Diketahui, wilayah Kutai Timur memiliki hutan adat seluas 39.000 hektare. Dari jumlah tersebut, tercatat ada 29.000 hektare luas hutan yang dijadikan sebagai hutan lindung, salah satunya hutan Wehea-Kelay di Desa Nehas Liah Bing, Kecamatan Wahau.
"PM awalnya dari orang tua, anak-anak muda Wehea yang mengerti hutan," kata Kepala Adat Dayak Wehea, Ledjie Taq kepada detikcom, Minggu (16/2/2025).
SCROLL TO CONTINUE WITH CONTENT
Hutan lindung Wehea-Kelay di bawah tanggung jawab oleh suku Dayak Wehea tertua yang ada di Kecamatan Muara Wahau, Kutim. Namun seiring tantangan menjaga hutan yang semakin berat, PM dibentuk dengan menggandeng pemuda dari daerah lain.
"Sekarang ini banyak yang cari kerja di tempat lain. Jadi sekarang siapa yang bisa kita rekrut saja. Ada yang dari Lampung, yang penting bisa jaga hutan ini," ujarnya.
Petkuq Mehuey terbentuk setelah suku Dayak Wehea dipilih melalui musyawarah pada tahun 2004 untuk mengelola hutan lindung tersebut. Pada tahun 2005, dikeluarkan surat keputusan (SK) yang mengatur pengelolaan hutan Wehea dan membentuk tim penjaga hutan.
"Tim jaga hutan ini (Petkuq Mehuey) diambil dari bahasa Wehea yang tugasnya menjaga hutan, patroli, jaga orang masuk ambil sesuatu di hutan," tuturnya.
Pada tahun 2022, PM berhasil mengamankan kelompok pencuri pohon Gaharu. Dengan pegangan SK itu, Ledjie pun mengadukan oknum-oknum ke pemerintah setempat dan meminta agar hukum adat berlaku.

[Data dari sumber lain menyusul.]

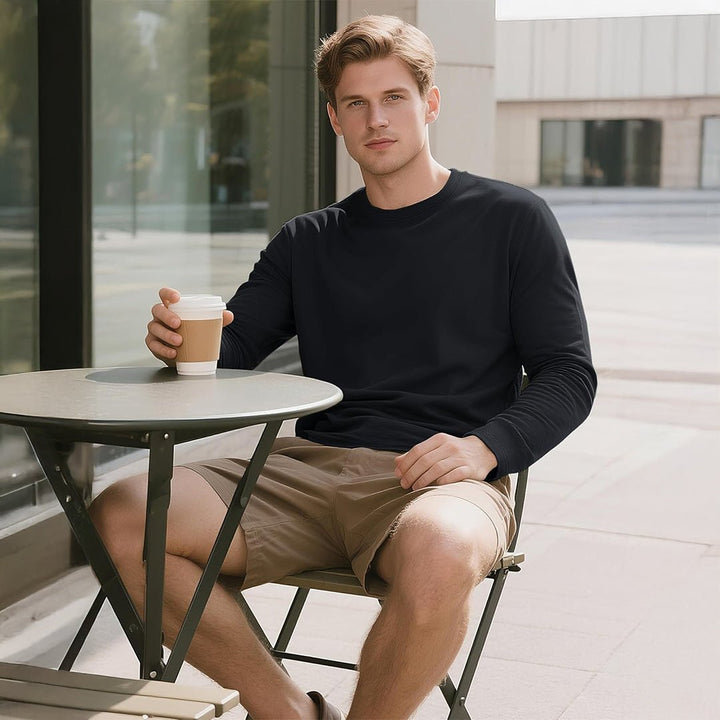 Men's Cotton Solid Color Classic Casual Long Sleeve T-shirt - L23M949D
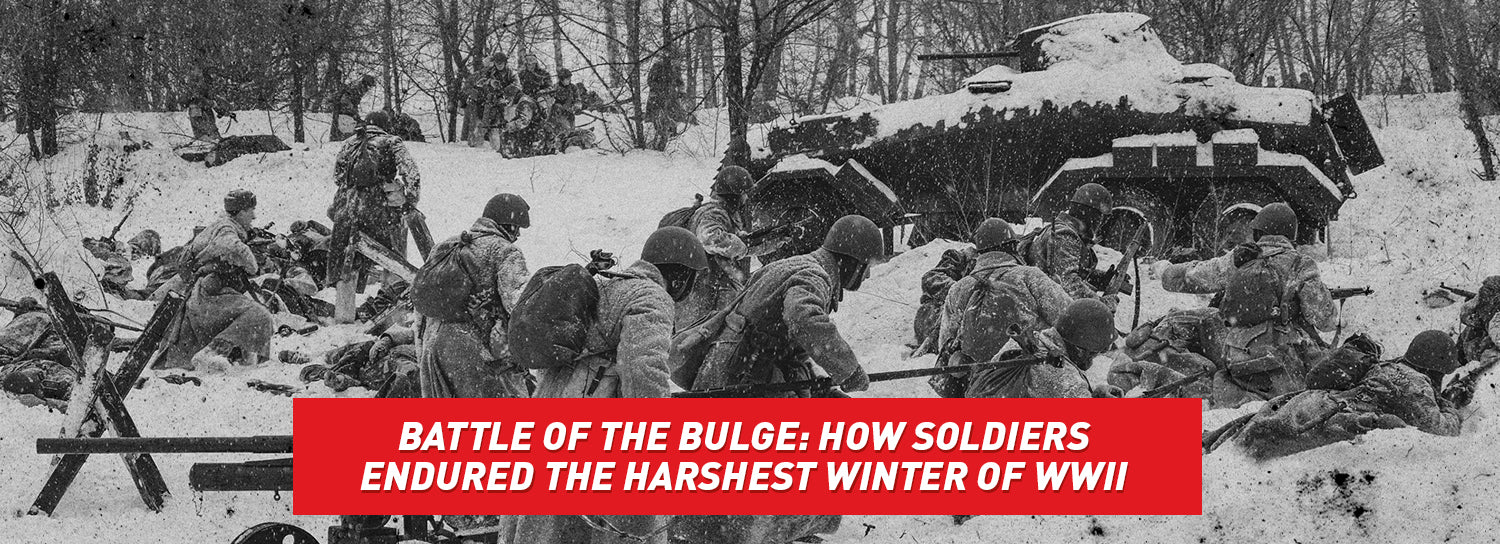 Soldiers battling through the snow during WWII.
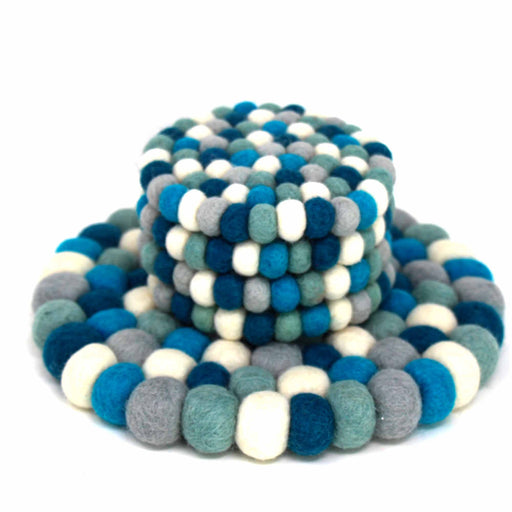 Ice Blue Felt Ball Trivet & 4-piece Coaster Set - Culture Kraze Marketplace.com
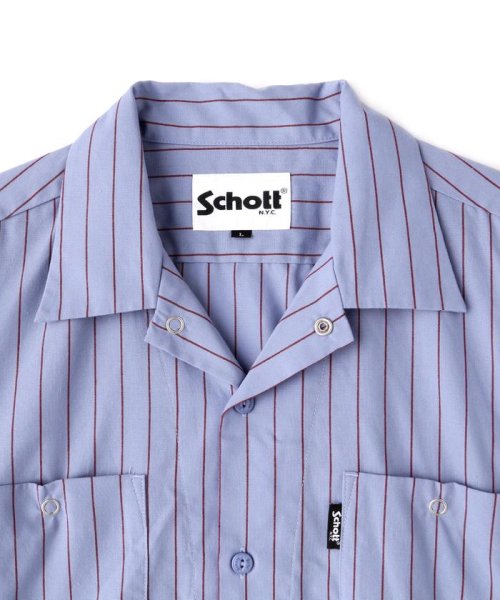 Schott(ショット)/STRIPE S/S WORK SHIRT/ストライプワークシャツ/img19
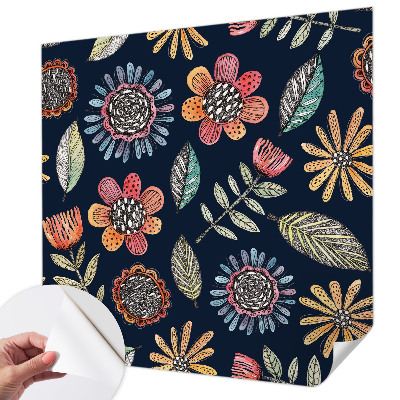 Zelfklevende behangsticker Bloemenmozaïek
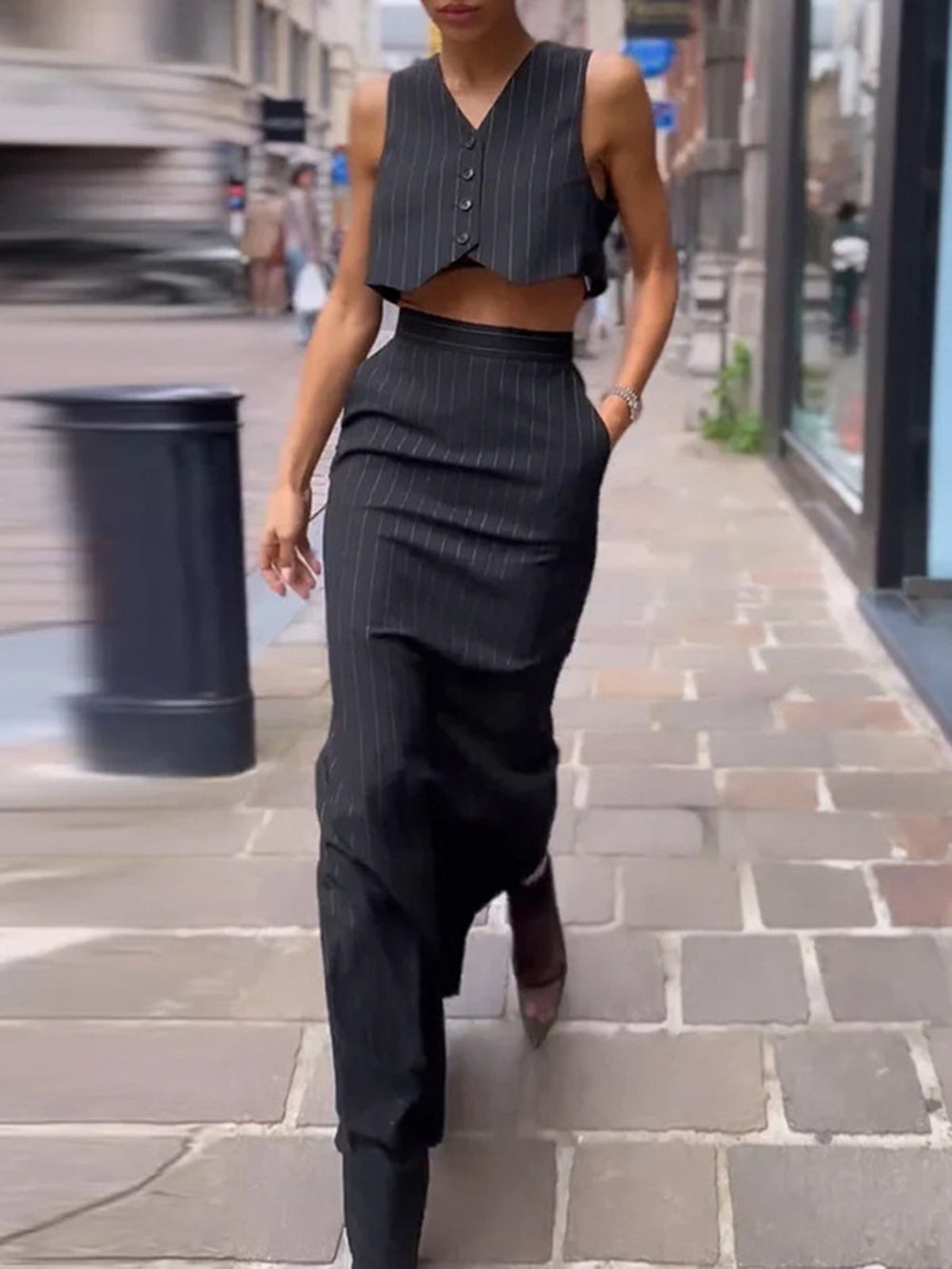 Pinstripe Button Crop Two Pieces Skirt Set  Liora Lane Boutique Skirt Sets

"Waktu itu mereka mengambil 16 kilogram (Gaharu), yang diambil kami sita lalu dilakukan denda dan sidang adat tergantung tingkat kesalahannya," jelas Ledjie.

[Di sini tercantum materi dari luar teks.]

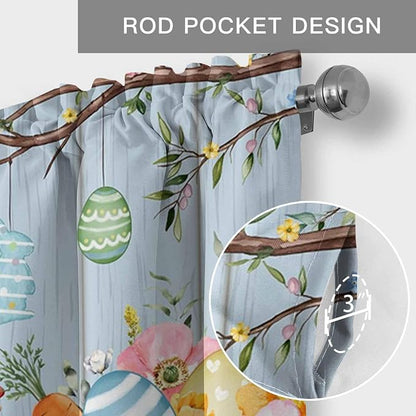 Easter Curtain Valances for Windows, Kitchen Valance Window Treatment, Spring - Image 5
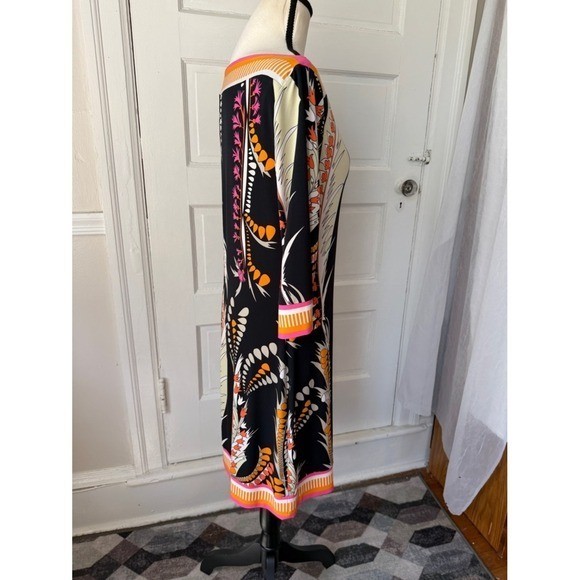 Ali Ro Boatneck Shift Dress Y2K Anthropologie 3/4 Sleeve Colorful Abstract Mod 8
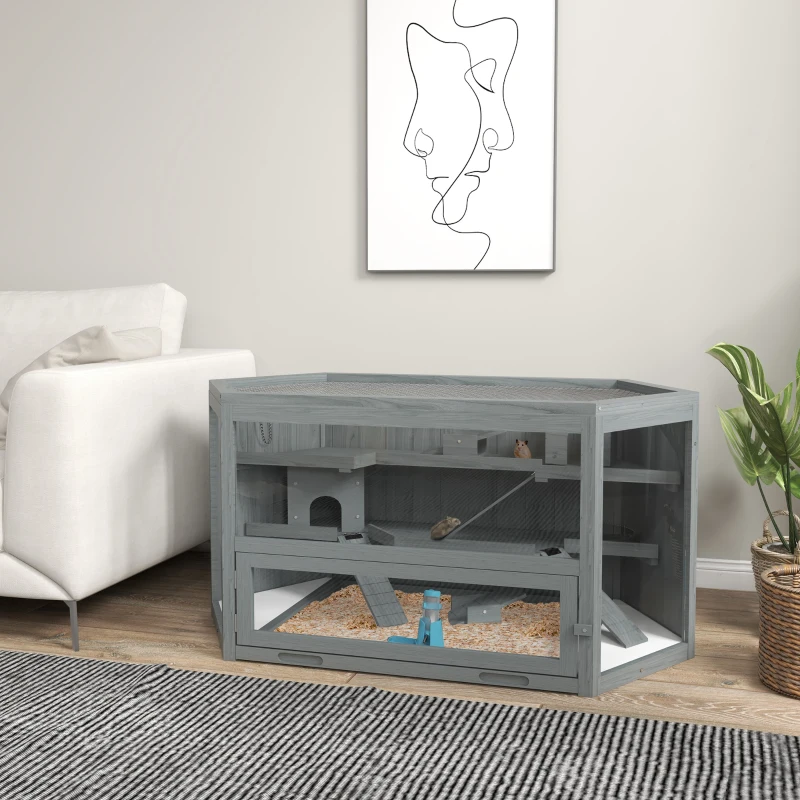 PawHut Hamsterkooi, 3 Niveaus, Uitschuifbare Tray, Hout/Metaal, 115x60x55 cm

Selain penebangan, di hutan lindung Wehea juga tidak boleh melakukan perburuan. Kasus perburuan burung yang pernah terjadi di hutan adat ini bisa berakhir di polisi.
"Nggak tahu berburu burung atau apa, lalu PM ini lapor dan kami bawa ke polisi, (saat itu) ada 5 senapan dan sudah diambil polisi," tuturnya.

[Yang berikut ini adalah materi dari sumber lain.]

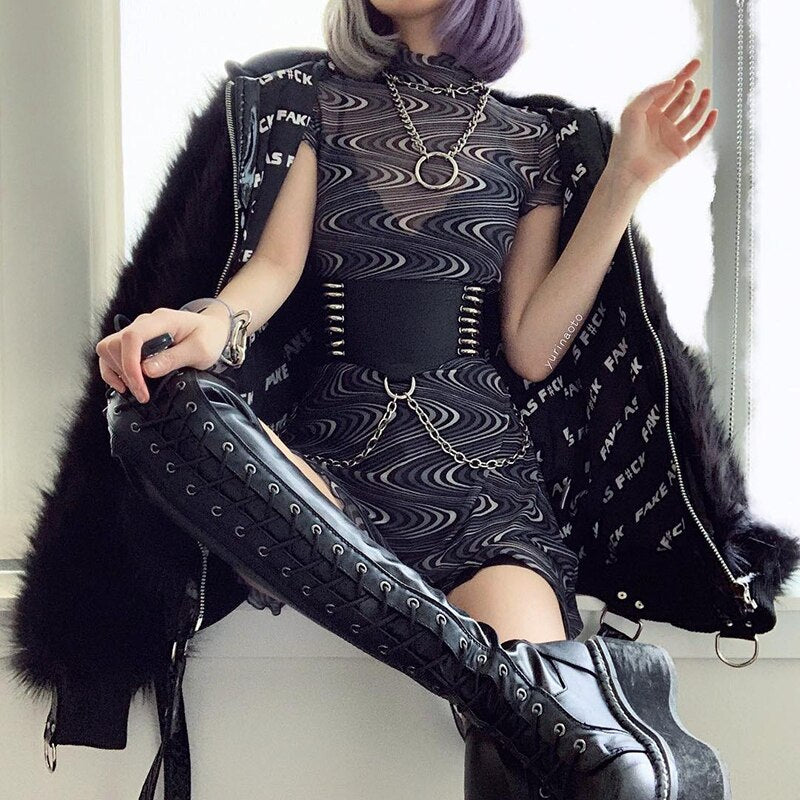 Leather Belt Metal Chain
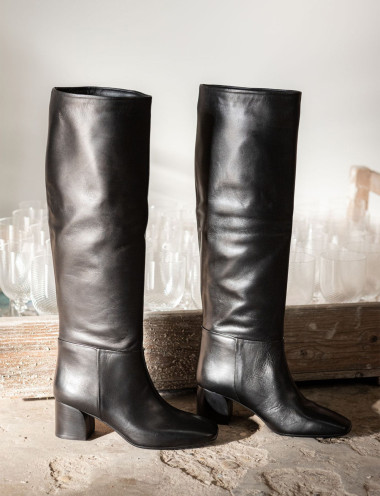 High heel boots heel 6 cm black leather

Sementara itu, Koordinator Petkuq Mehuey, Yuliana Wetuq menyampaikan syarat untuk menjadi anggota PM yaitu harus mandiri dan berani. Sebab kesulitan yang dihadapi juga cukup berat, yaitu harus berhadapan dengan hewan liar dan pemburu bersenjata.
"Yang paling sulit itu kalau mereka tracking malam lalu ketemu macan dahan, bertemu pemburu bersenjata kaliber. Sedangkan mereka hanya bawa sebilah mandau saja. Itu yang membuat kami khawatir," beber Yuliana.
Namun anak-anak muda penjaga hutan Wehea ini tetap semangat dalam menjaga hutan mereka. Setiap bulannya 8-10 pemuda akan bergantian melakukan patroli.
"Sekarang setiap bulannya ada 8-10 orang (PM) yang ada di hutan," ucap wanita yang akrab disapa Yuli itu.
Yuli mengatakan, hutan lindung Wehea-Kelay ini harus terus dijaga. Sebab bagi masyarakat Dayak setempat hutan ini merupakan lumbung atau sumber kehidupan bagi mereka, baik untuk ritual adat maupun sumber pangan.
"Karena di dalam hutan terdapat bahan untuk ritual adat, termasuk air bersihnya. Sebagai sumber makanan, seperti hewan babi yang kami ambil secukupnya untuk lauk dan tumbuhan obat juga," pungkasnya.